▸ **TO DO**:
Your answer must be the records below, repeated exactly, with every picture left out.

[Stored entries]
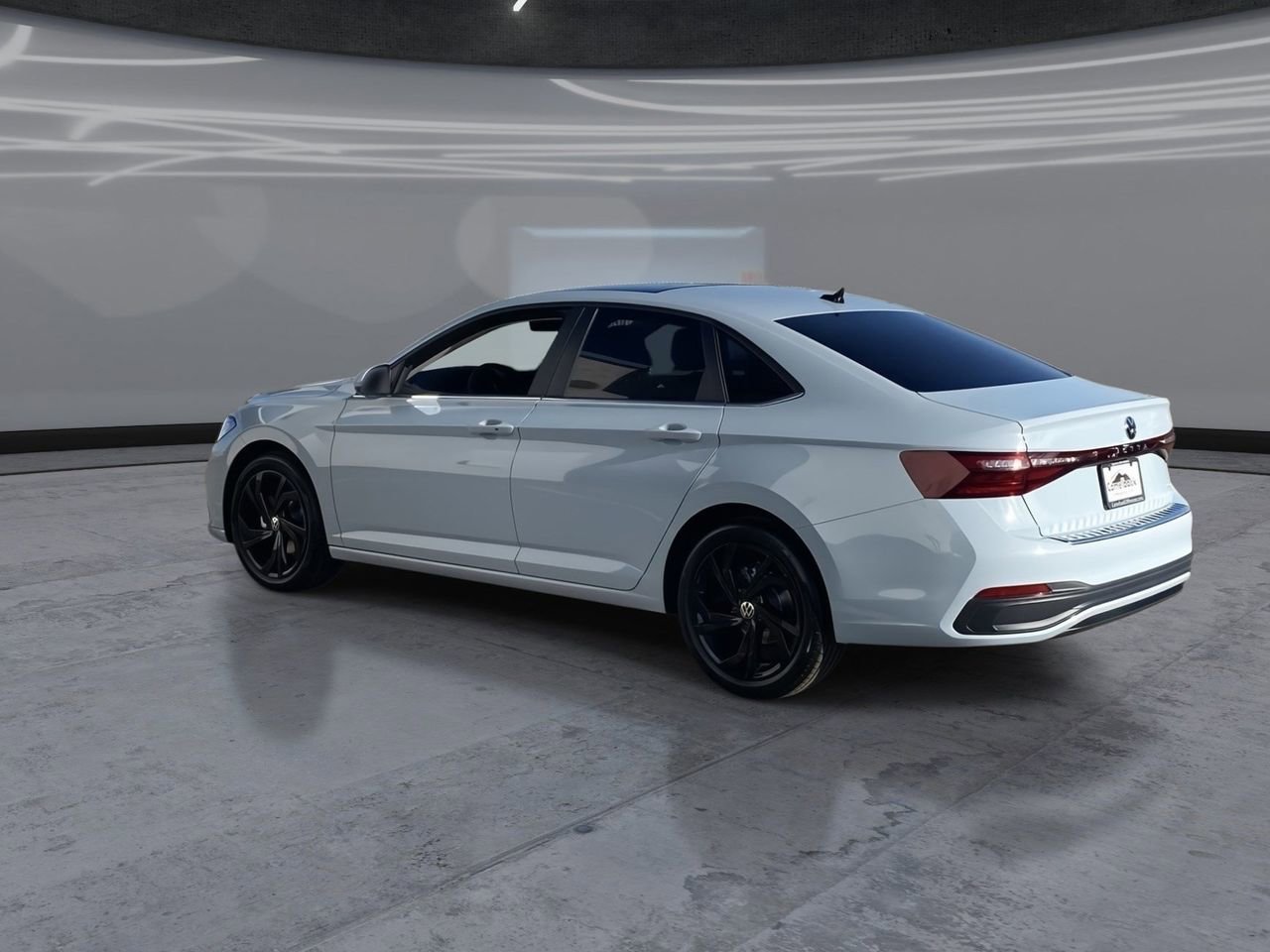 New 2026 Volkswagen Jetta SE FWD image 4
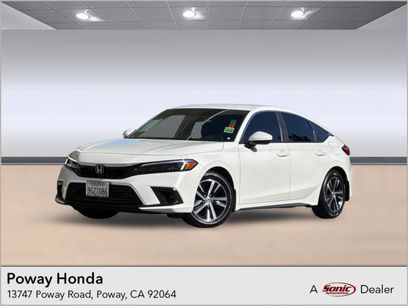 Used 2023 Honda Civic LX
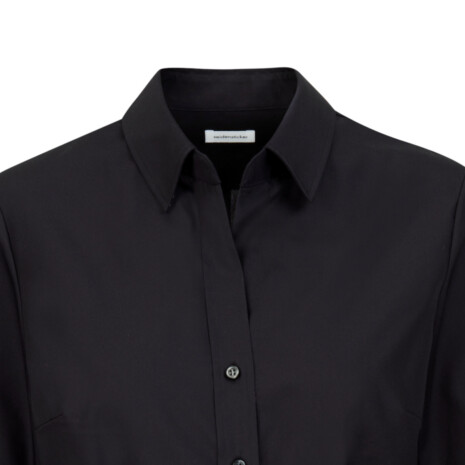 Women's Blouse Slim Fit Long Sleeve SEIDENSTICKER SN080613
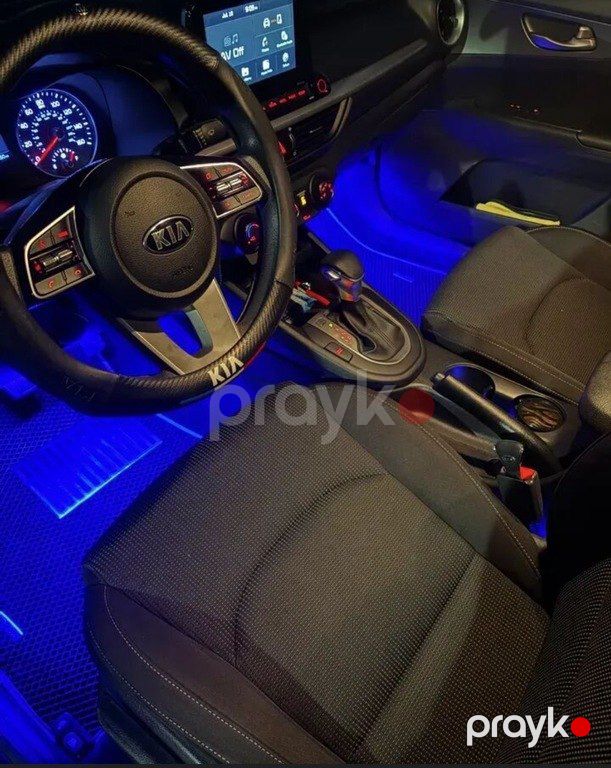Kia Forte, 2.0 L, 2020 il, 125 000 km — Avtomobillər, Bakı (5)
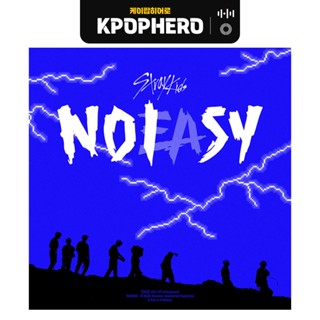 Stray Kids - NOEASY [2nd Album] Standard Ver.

▸ **ANSWER**:
 New 2026 Volkswagen Jetta SE FWD image 4
 Used 2023 Honda Civic LX
 Women's Blouse Slim Fit Long Sleeve SEIDENSTICKER SN080613
Kia Forte, 2.0 L, 2020 il, 125 000 km — Avtomobillər, Bakı (5)
 Stray Kids - NOEASY [2nd Album] Standard Ver.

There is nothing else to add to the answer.